実現可能なベストを、そして永きにわたって耐えうる仕様を

   ITRONはTRONプロジェクトのルーツである。 1980年代初頭、プロジェクト開始後にまずはじめに設計開発を行ったOSだからだ。ITRONの“I ”はIndustrialの“I ”――当時は主に工業的な応用のリアルタイムOSが要求されていたからである。機械の中に組み込まれて使われるマイコン用OSである。組込み用OSにとってマルチタスク/リアルタイム処理は必須であり、プログラムの生産性を上げるために、その当時でも標準的なリアルタイムOSが要求されていた。生産性を上げるため当時私が思ったのは、マルチタスクプログラミングについては理論的にはわかっていたので、奇をてらうのでなく、シンプルかつすっきりした仕様にしたいということであった。

 よく、新しいコンピュータはまったく新しい概念や機能が備わっているべきであると思い込んでいる人がいるが、ウェルデザイン(よくできたデザイン)とは新しければ良いというものではない。新旧さまざまのコンセプトを考慮に入れ、数々のトレードオフを勘案の上、実現可能なベストをねらったものだ。 そしてOSという基盤ソフトである以上、10年以上にわたり耐えられる仕様でなければならない。そしてITRONは誕生した。多くのITRONが作られたが 20年間のうちにはインプリメント方法では格段の進歩があったと思う。マイクロプロセッサ技術の進展も大きい。それでも携帯電話に入れるなど、コンパクトに作るのは大変だ。米国系のリアルタイムOSがミニコンピュータやワークステーションをターゲットとして機能を重視してたことで大きくなりがちだったので、こちらはマイクロプロセッサのためのコンパクトなOSであることを強く意識した。また当時から1チップマイクロコンピュータには興味があり、最終的には完全1チップの中にOS だけでなくアプリケーションも入れ1チップ化することがターゲットだった。リアルタイムOSなのだからタスクスイッチングも1μ秒を切ることを目標にしていた。

   このような点を実現可能なように仕様を追い込んで行くことに全力を尽くした。
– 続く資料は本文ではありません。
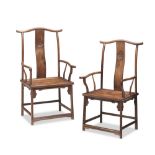 A PAIR OF HUALI YOKEBACK ARMCHAIRS Late 20th century (2)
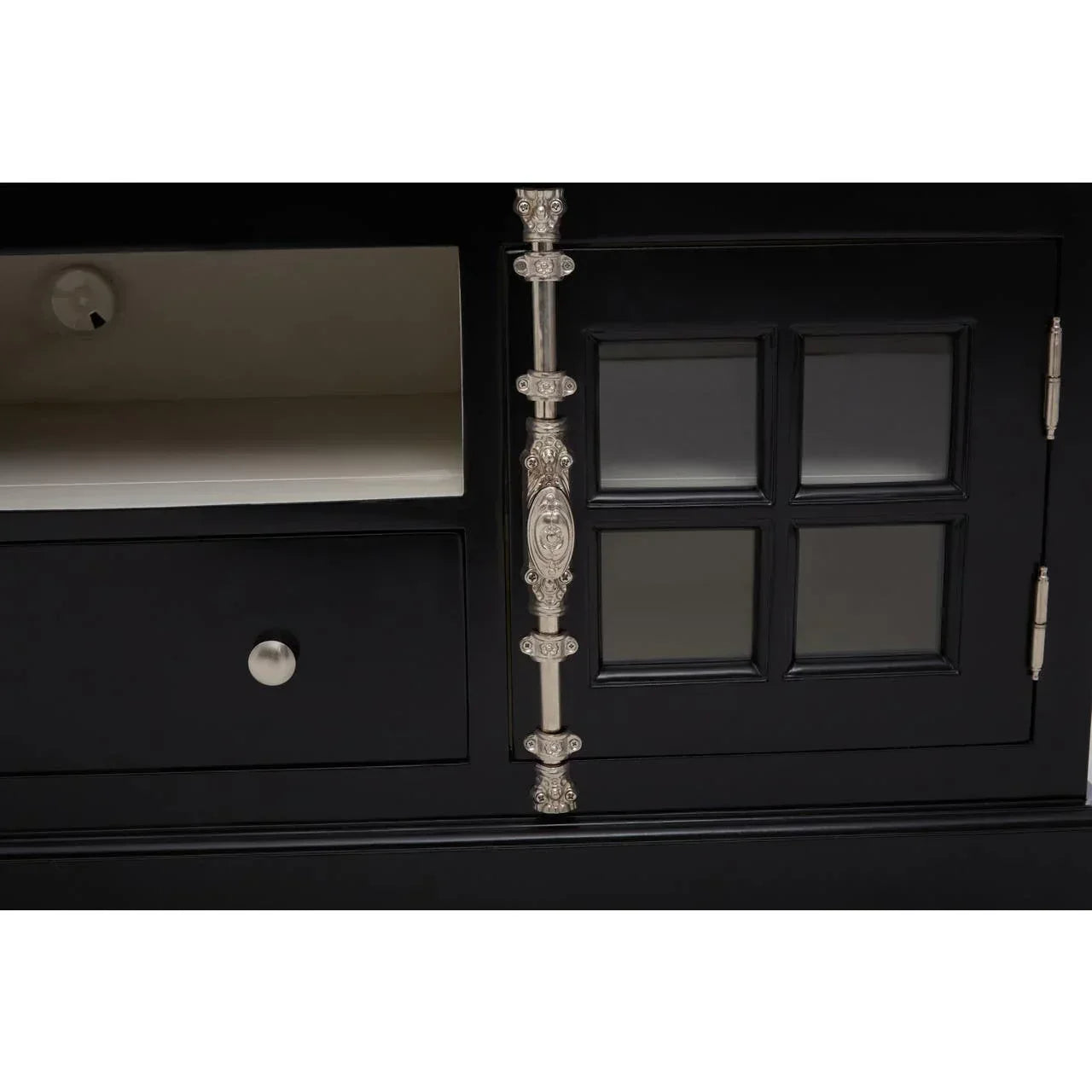 Black wood sideboard with glass cabinet door, metal hinges, and drawer with silver handle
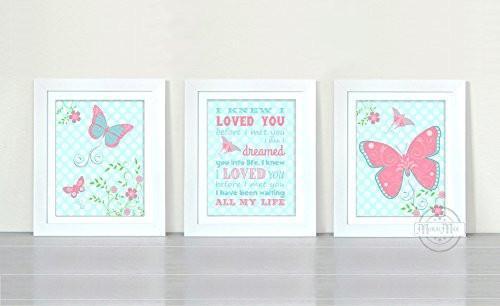 Flowers & Butterfly Nursery Rhyme Collection - Set of 3 - Unframed Prints-B01CRT84FE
BTRON、CTRONなど他のOSの安定したカーネルになることもねらい目のひとつであり、実際現在のBTRONは ITRONをカーネルとしたマイクロカーネル方式で作られている。 ITRON自身も、さまざまなバージョンが開発されたが、1993年に公開したμITRON3.0でITRONが世界的に広まるきっかけを作った。仕様を当初のものよりシンプルにし、複雑な機構は除いた。コンパクトで覚えやすく、無償で利用でき、高速なために、民生機器に広く使われるようになり、世界で最も使われるOS へとつながっていった。現在μITRONは全世界で100社以上がインプリメントしている。米国で何社もがITRONを販売するようになり、応用も携帯電話やデジタルビデオ、そして自動車のエンジン制御に至るまで、ありとあらゆるところに使われている。本号は、このようなITRONの特集である。